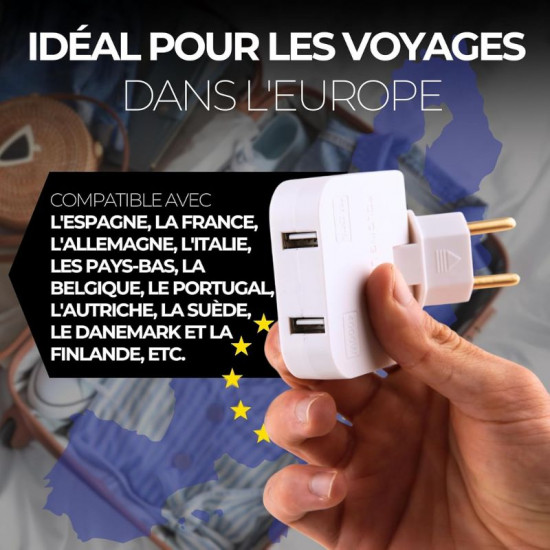 Prise Murale Extra Plate 2 Ports USB + 2 Prises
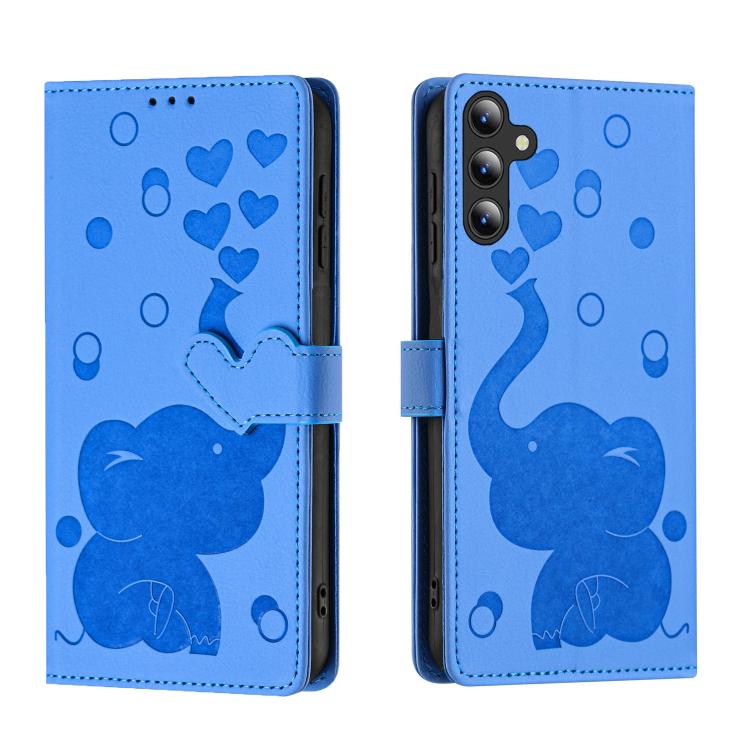 

For Samsung Galaxy A17 5G / A26 5G Cartoon Elephant Embossed Leather Phone Case(Blue)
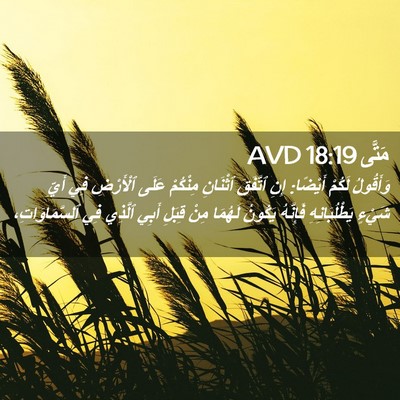 Picture 02 - مَتَّى 18:19 AVD - وَأَقُولُ لَكُمْ أَيْضًا: - Bible Verse Picture
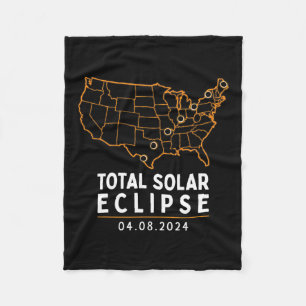 Eclipse 2024 Party America Totality Total US Karte Fleecedecke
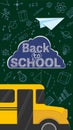 Back to School Sale concept. Poster template with Yellow School Bus against green background with hand drawn doodles of Royalty Free Stock Photo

· · ·

What you have to do – For this exercise, transcribe the entries above exactly, without any pictures.

Answer for the task –
 Prise Murale Extra Plate 2 Ports USB + 2 Prises

For Samsung Galaxy A17 5G / A26 5G Cartoon Elephant Embossed Leather Phone Case(Blue)
 Picture 02 - مَتَّى 18:19 AVD - وَأَقُولُ لَكُمْ أَيْضًا: - Bible Verse Picture
 Eclipse 2024 Party America Totality Total US Karte Fleecedecke
 Back to School Sale concept. Poster template with Yellow School Bus against green background with hand drawn doodles of Royalty Free Stock Photo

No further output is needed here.